Get the project up and running on your local machine by following these steps:

1. Clone the repository (Clone only this quickstart):

git clone --filter=blob:none --sparse  https://github.com/airbytehq/quickstarts.git
cd quickstarts
git sparse-checkout add github_insight_stack

2. Navigate to the directory:

cd github_insight_stack

3. Set Up a Virtual Environment:

For Linux and Mac:

python3 -m venv venv
source venv/bin/activate

For Windows:

python -m venv venv
.\venv\Scripts\activate

4. Install Dependencies:

pip install -e ".[dev]"

2. Setting Up BigQuery

1. Create a Google Cloud Project

If you have a Google Cloud project, you can skip this step.

  1. Go to the Google Cloud Console.
  2. Click on the "Select a project" dropdown at the top right and select "New Project".
  3. Give your project a name and follow the steps to create it.

2. Create BigQuery Datasets

  1. In the Google Cloud Console, go to BigQuery.
  2. Make two new datasets: raw_data for Airbyte and transformed_data for dbt.
  3. If you pick different names, remember to change the names in the code too.

How to create a dataset:

  1. In the left sidebar, click on your project name.
  2. Click “Create Dataset”.
  3. Enter the dataset ID (either raw_data or transformed_data).
  4. Click "Create Dataset".

3. Create Service Accounts and Assign Roles

  1. Go to “IAM & Admin” > “Service accounts” in the Google Cloud Console.
  2. Click “Create Service Account”.
  3. Name your service account (like airbyte-service-account).
  4. Assign the “BigQuery Data Editor” and “BigQuery Job User” roles to the service account.
  5. Follow the same steps to make another service account for dbt (like dbt-service-account) and assign the roles.
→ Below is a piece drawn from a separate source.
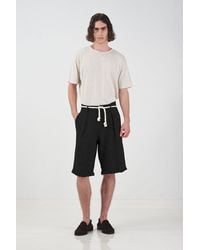 Giesto - Wide Leg Mid Waist Shorts With Tie Detail - Lyst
How to create a service account and assign roles:

  1. While creating the service account, under the “Grant this service account access to project” section, click the “Role” dropdown.
  2. Choose the “BigQuery Data Editor” and “BigQuery Job User” roles.
  3. Finish the creation process.

4. Generate JSON Keys for Service Accounts

  1. For both service accounts, make a JSON key to let the service accounts sign in.

How to generate JSON key:

  1. Find the service account in the “Service accounts” list.
  2. Click on the service account name.
  3. In the “Keys” section, click “Add Key” and pick JSON.
  4. The key will download automatically. Keep it safe and don’t share it.
  5. Do this for the other service account too.
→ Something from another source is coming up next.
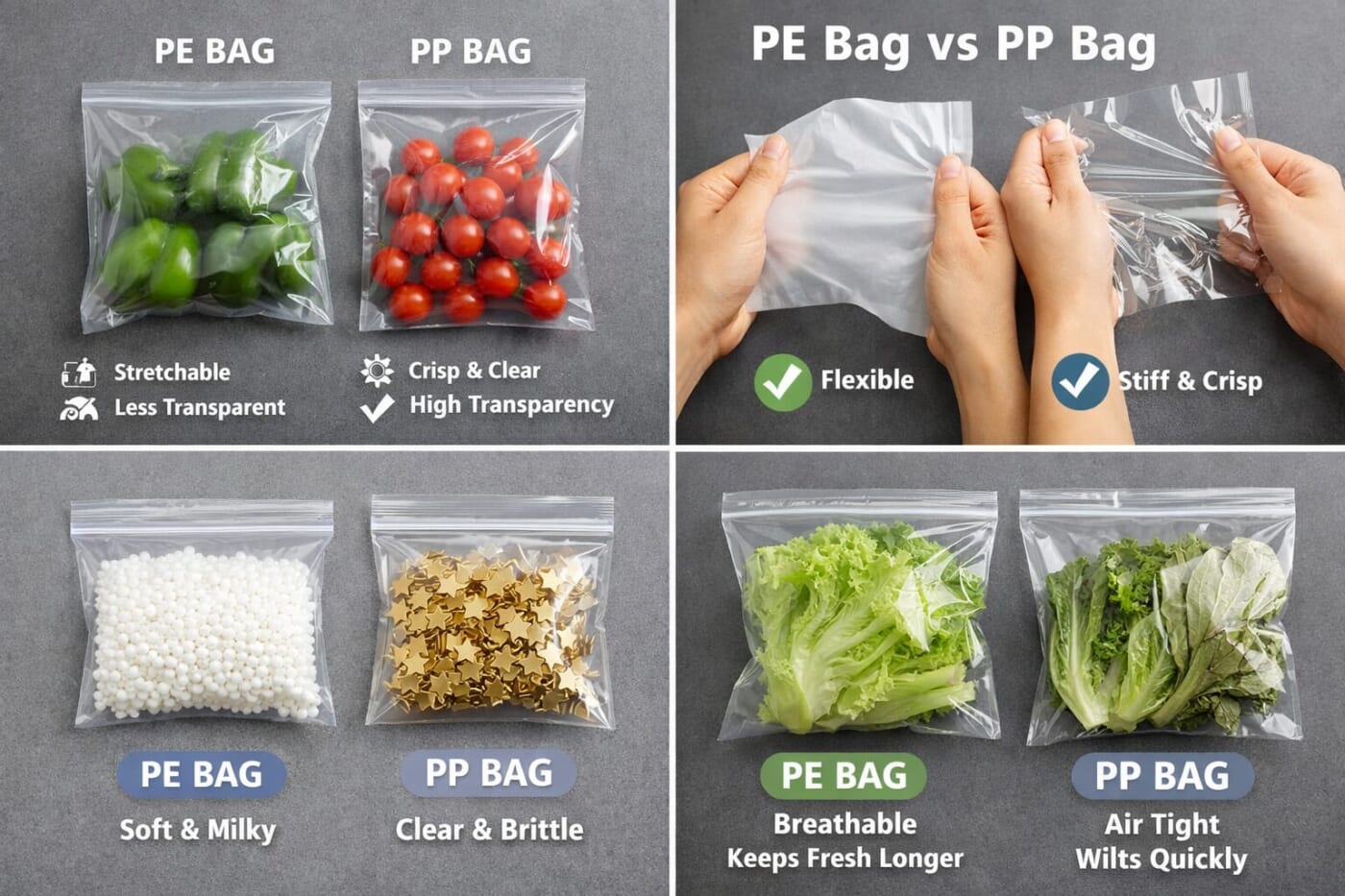 PE Bags vs. PP Bags: The Right Plastic Packaging?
3. Setting Up Airbyte Connectors with Terraform

Airbyte allows you to create connectors for sources and destinations, facilitating data synchronization between various platforms. In this project, we're harnessing the power of Terraform to automate the creation of these connectors and the connections between them. Here's how you can set this up:

1. Navigate to the Airbyte Configuration Directory:

Change to the relevant directory containing the Terraform configuration for Airbyte:

cd infra/airbyte

2. Modify Configuration Files:

Within the infra/airbyte directory, you'll find three crucial Terraform files:

  • provider.tf: Defines the Airbyte provider.
  • main.tf: Contains the main configuration for creating Airbyte resources.
  • variables.tf: Holds various variables, including credentials.
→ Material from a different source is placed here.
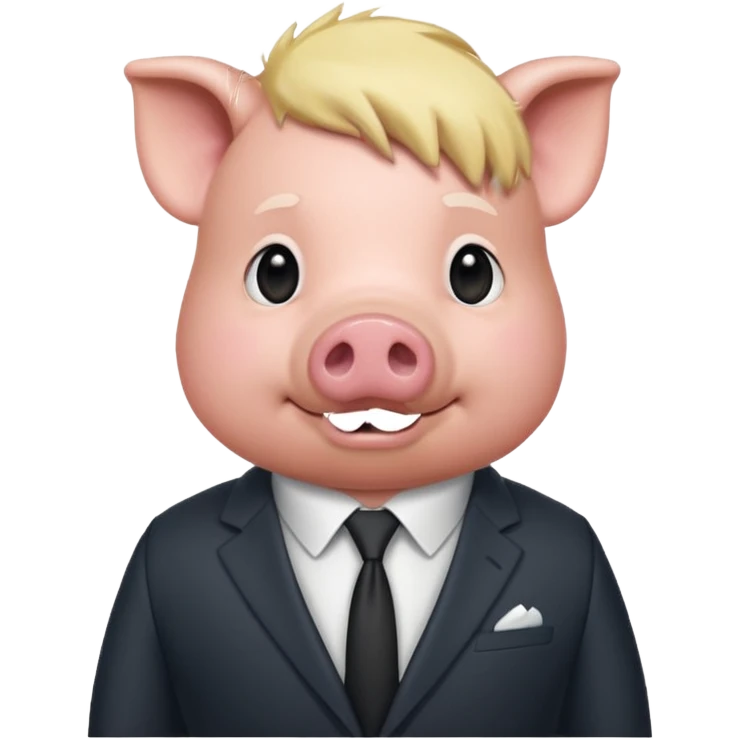pig blonde with suit emoji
Adjust the configurations in these files to suit your project's needs. Specifically, provide credentials for your BigQuery connection. You can utilize the variables.tf file to manage these credentials.

3. Initialize Terraform:

This step prepares Terraform to create the resources defined in your configuration files:

terraform init

4. Review the Plan:

Before applying any changes, review the plan to understand what Terraform will do:

terraform plan

5. Apply Configuration:

After reviewing and confirming the plan, apply the Terraform configurations to create the necessary Airbyte resources:

terraform apply

6. Verify in Airbyte UI:

Once Terraform completes its tasks, navigate to the Airbyte UI. Here, you should see your source and destination connectors, as well as the connection between them, set up and ready to go.

7. Add Normalization to the Airbyte Connection:

At the moment of creating this Quickstart, it's not possible to select normalization via Terraform, so you need to select that manually. In the Airbyte UI, go to the "Connections" tab, select the "Faker to BigQuery" connection, go to the "Transformation" tab and select "Normalized tabular data" and save your changes.

4. Setting Up the dbt Project

dbt (data build tool) allows you to transform your data by writing, documenting, and executing SQL workflows. Setting up the dbt project requires specifying connection details for your data platform, in this case, BigQuery. Here’s a step-by-step guide to help you set this up:

1. Navigate to the dbt Project Directory:

Change to the directory containing the dbt configuration:

cd dbt_project

2. Update Connection Details:

You'll find a profiles.yml file within the directory. This file contains configurations for dbt to connect with your data platform. Update this file with your BigQuery connection details.

3. Utilize Environment Variables (Optional but Recommended):

To keep your credentials secure, you can leverage environment variables. An example is provided within the profiles.yml file.

4. Test the Connection:

Once you’ve updated the connection details, you can test the connection to your BigQuery instance using:

dbt debug

If everything is set up correctly, this command should report a successful connection to BigQuery.

5. Run the Models:

If you would like to run the dbt models manually at this point, you can do so by executing:

dbt run

You can verify the data has been transformed by going to BigQuery and checking the transformed_data dataset.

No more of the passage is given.